▶ [REQUIREMENT]
All that is needed is the lines from the one containing "Entrada moderna de" through the end of the listing, printed exactly, with no pictures among them.

-- DATA EXCERPT follows --

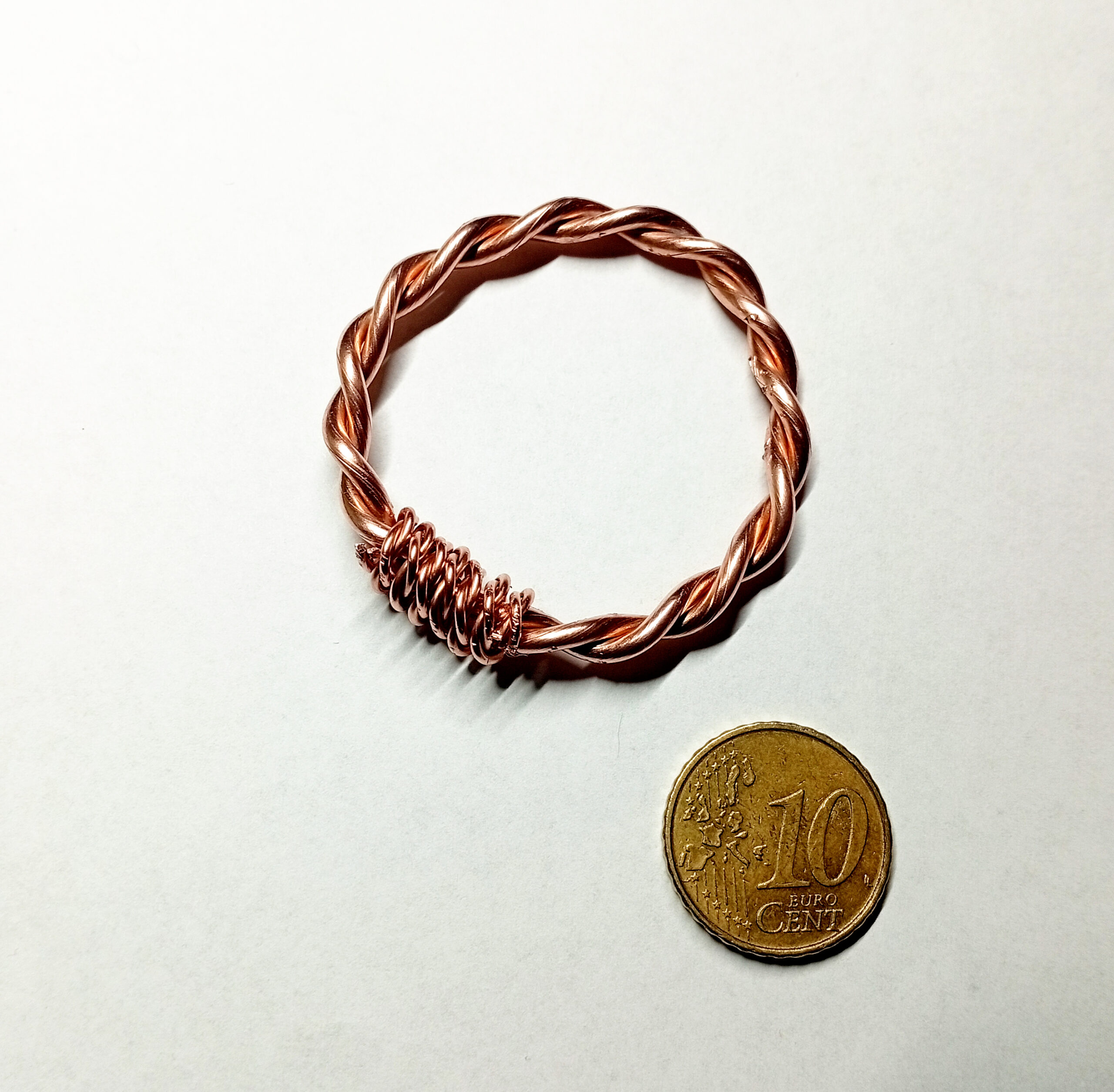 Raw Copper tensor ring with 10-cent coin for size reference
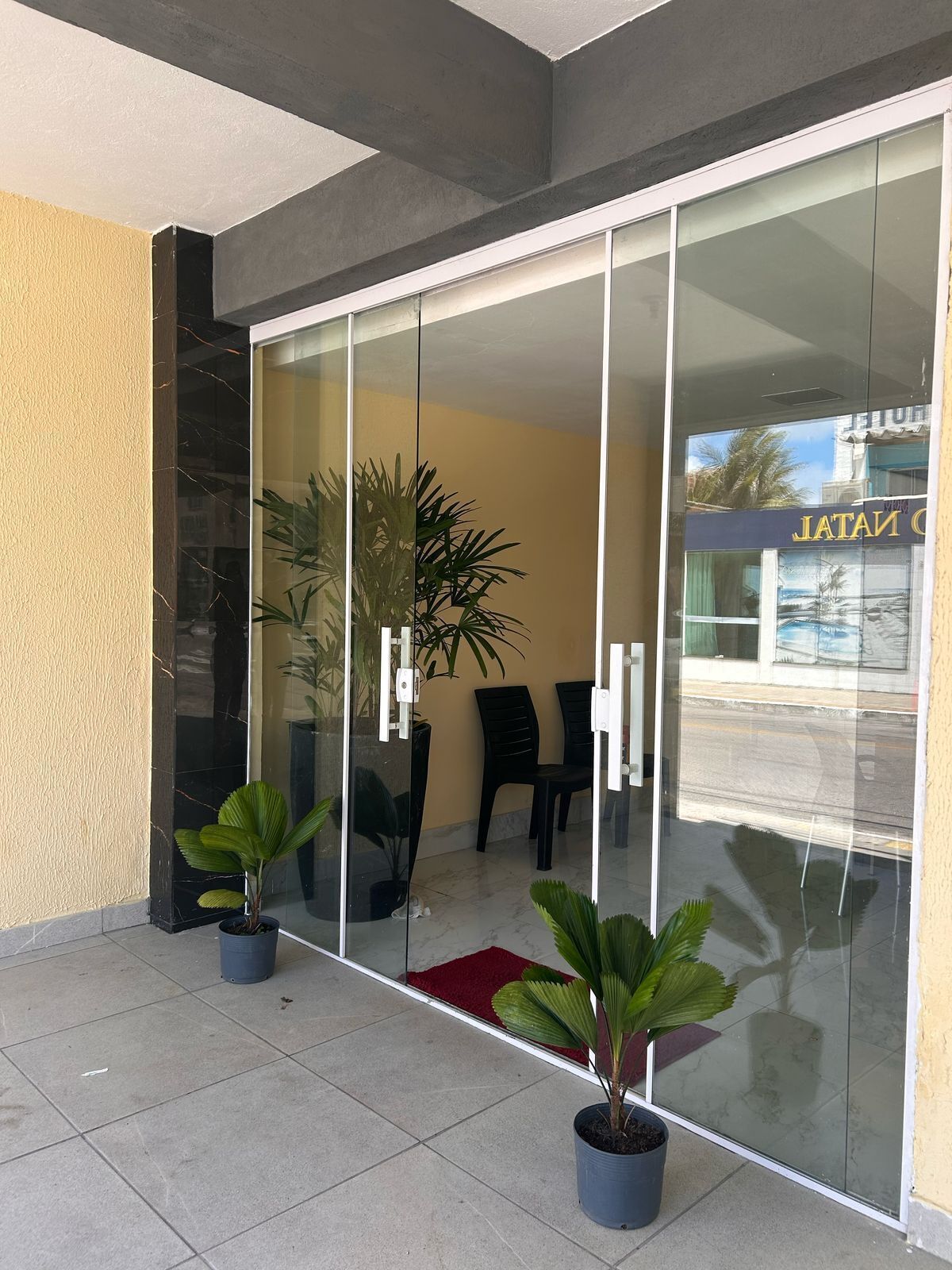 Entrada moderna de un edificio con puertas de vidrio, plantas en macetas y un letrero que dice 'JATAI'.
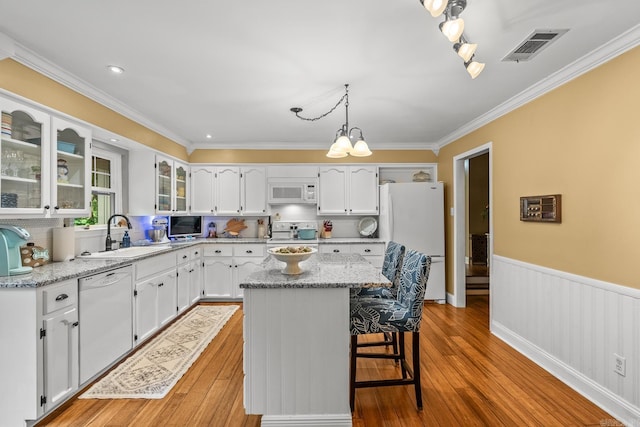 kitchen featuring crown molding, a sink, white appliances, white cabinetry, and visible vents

-- DATA EXCERPT concluded --

▶ [SOLUTION FOR THIS TASK]
 Entrada moderna de un edificio con puertas de vidrio, plantas en macetas y un letrero que dice 'JATAI'.
 kitchen featuring crown molding, a sink, white appliances, white cabinetry, and visible vents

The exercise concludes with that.